A Peking despatch says that on the 22nd and 23rd of March the Empress Dowager caused secret instructions to be sent to the viceroys and governors of maritime provinces commanding them to resist by force any landing of foreign armed parties of men along the coast and holding said officials responsible for failure to obey.
In France Madame Dreyfus has been fined 100 francs for challenging three councillors.
The Pope’s health is much better and he has resumed the celebration of the mass.
A London despatch of March 24 says: Both England and France appear to be satisfied with the Nile Agreement. Lord Salisbury has gone to the Reviera.

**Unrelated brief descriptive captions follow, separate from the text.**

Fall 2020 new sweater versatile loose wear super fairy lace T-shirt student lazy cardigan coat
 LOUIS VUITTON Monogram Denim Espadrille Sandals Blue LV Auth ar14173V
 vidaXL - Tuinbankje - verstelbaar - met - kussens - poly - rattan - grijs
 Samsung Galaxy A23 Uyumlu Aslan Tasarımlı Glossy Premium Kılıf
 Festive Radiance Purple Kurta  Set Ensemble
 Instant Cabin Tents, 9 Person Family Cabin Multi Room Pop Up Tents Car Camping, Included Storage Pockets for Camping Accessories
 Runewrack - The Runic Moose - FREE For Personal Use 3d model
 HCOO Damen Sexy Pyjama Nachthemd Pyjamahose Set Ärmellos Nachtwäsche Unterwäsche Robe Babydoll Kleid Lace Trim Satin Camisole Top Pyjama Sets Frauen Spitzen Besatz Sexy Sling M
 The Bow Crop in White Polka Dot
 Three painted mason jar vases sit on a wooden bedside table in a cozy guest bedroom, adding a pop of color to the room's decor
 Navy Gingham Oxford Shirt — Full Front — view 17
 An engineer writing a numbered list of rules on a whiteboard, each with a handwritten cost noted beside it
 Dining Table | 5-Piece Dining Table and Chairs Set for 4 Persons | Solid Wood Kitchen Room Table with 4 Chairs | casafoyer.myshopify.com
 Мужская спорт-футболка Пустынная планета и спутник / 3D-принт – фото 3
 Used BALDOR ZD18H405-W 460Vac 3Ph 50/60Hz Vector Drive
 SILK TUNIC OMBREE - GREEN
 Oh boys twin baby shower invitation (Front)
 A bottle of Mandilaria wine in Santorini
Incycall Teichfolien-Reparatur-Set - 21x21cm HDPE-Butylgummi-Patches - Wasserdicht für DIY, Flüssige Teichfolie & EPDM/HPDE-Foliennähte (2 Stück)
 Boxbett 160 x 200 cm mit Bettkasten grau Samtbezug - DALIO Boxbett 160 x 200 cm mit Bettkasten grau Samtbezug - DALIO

The Sirdar Lord Kitchener accepts the entire responsibility for disposal of the Mahdi’s remains, which were exhumed and thrown into the Nile. Lord Cromer entirely supports Lord Kitchener’s action.
Despatches from London in regard to Anglo-Russian differences under date of March 25 read as follows:
Negociations between Great Britain and Russia with regard to their differences in China have assumed practical shape, and an early conclusion is hoped.
The Daily Graphic states that, Russia has finally settled the Newchwang Railway difficulty ntirely to British satisfaction; the Tsar expressly intimating his desire to give a proof of his peaceful disposition on the eve of the disarmament conference.
A convention defining the respective spheres f influence will be signed shortly.

In regard to the difficulty between United States and Canada over the Alaskan boundary the Hon. W. St. J. Brodrick, Parliamentary Under-Secretary for Foreign Affairs, has annoiunced in the House of Commons that the United States have proposed a “Modus Vivenda.”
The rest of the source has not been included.